Platone, Fedro , 275 DE
Insomma potremmo benissimo credere che qui Platone stesse alludendo all’IA. Una foresta riprodotta con l’intelligenza artificiale, per quanto realistica, non riesce a catturare tutte le sfumature che possiede nella realtà; un’immagine costruita con l’IA è facilmente riconoscibile ma può diffondersi rapidamente in rete passando tra le “dita” di chiunque.
Umano poco umano: Esercizi spirituali contro l’intelligenza artificiale
Il sottotitolo di questo libro parla da sé: attraverso questi “esercizi spirituali” Mauro Crippa e Giuseppe Girgenti ci mostrano come l’IA non sia il male del secolo e ci insegnano come utilizzarla al meglio senza smarrirci. A dare l’ispirazione per questi esercizi sono i grandi filosofi del passato (Socrate, Platone, Epicuro, Galeno, sant’Agostino, Omero, Eraclito, Aristotele e sant’Ignazio di Loyola) che attraverso delle massime dal sapore delfico, come il famoso “conosci te stesso”, ci aiutano a rimettere al centro la nostra individualità e a preservarla dalle incursioni dell’IA. Ecco qualche esempio pratico!
L’intelligenza artificiale appiattisce la nostra intelligenza, ci costringe a pensare meno, anzi ci “disabitua” a pensare. Per combattere questa pericolosa deriva intellettiva bisogna recuperare l’insegnamento di Socrate, il maestro che attraverso la sua “maieutica” ci spingeva a ragionare, a cercare e trovare da soli le nostre risposte. Leggere in solitudine, scrivere con carta e penna, meditare dopo una lezione di yoga…sono solo alcuni degli esercizi che possiamo svolgere per mantenere allenato il nostro cervello e, nello stesso tempo, per riscoprire noi stessi.
Prendersi del tempo per noi stessi è importante, certo, ma lo è altrettanto recuperare quella socialità che internet sembra aver cancellato. L’IA manca di emotività: i rapporti che si creano sul web non sono reali se rimangono tra il numero di “followers” di un social network. Un buon esercizio è quello di tornare all’edonismo antico di Epicuro, riscoprire la bellezza di un’uscita con amici e parenti che è, senza dubbio, decisamente più gratificante che postare una foto su facebook.

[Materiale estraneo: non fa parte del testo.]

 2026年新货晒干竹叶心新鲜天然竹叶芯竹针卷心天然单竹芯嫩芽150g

Anche riguardo l’intrattenimento e i giochi, regno assoluto dell’intelligenza artificiale, la filosofia può dirci qualcosa. Per molti filosofi del Novecento come Johann Huizinga il gioco è un’attività essenziale per l’essere umano perché ci permette di scoprire noi stessi, interagire con gli altri e prepararci alla vita. Le nuove tecnologie hanno prodotto giochi sempre più elaborati, dettagliati e realistici ma anche violenti, aggressivi e sembrano essere strutturati per creare dipendenza. L’esercizio, in questo caso, è un ritorno allo sport, ai giochi all’aperto o ai vecchi giochi da tavolo.

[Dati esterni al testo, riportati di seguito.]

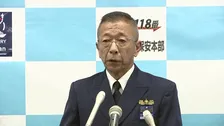 第三管区海上保安本部　福本拓也新本部長が就任会見
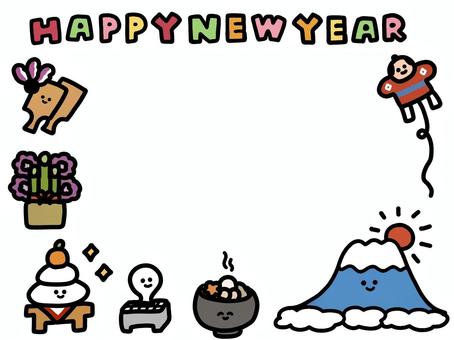 年賀状のカラーフレーム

Questi offrono non solo un divertimento più sano ma anche una socialità diversa, più vera ed ampia, non come quella “illusoria” di condividere lo schermo con una miriade di altri giocatori online. E il divertimento è assicurato e ancor più gratificante! Perché, ammettiamolo, non c’è trionfo più grande che trovare il proprio amico mimetizzato in un cespuglio durante una partita a nascondino.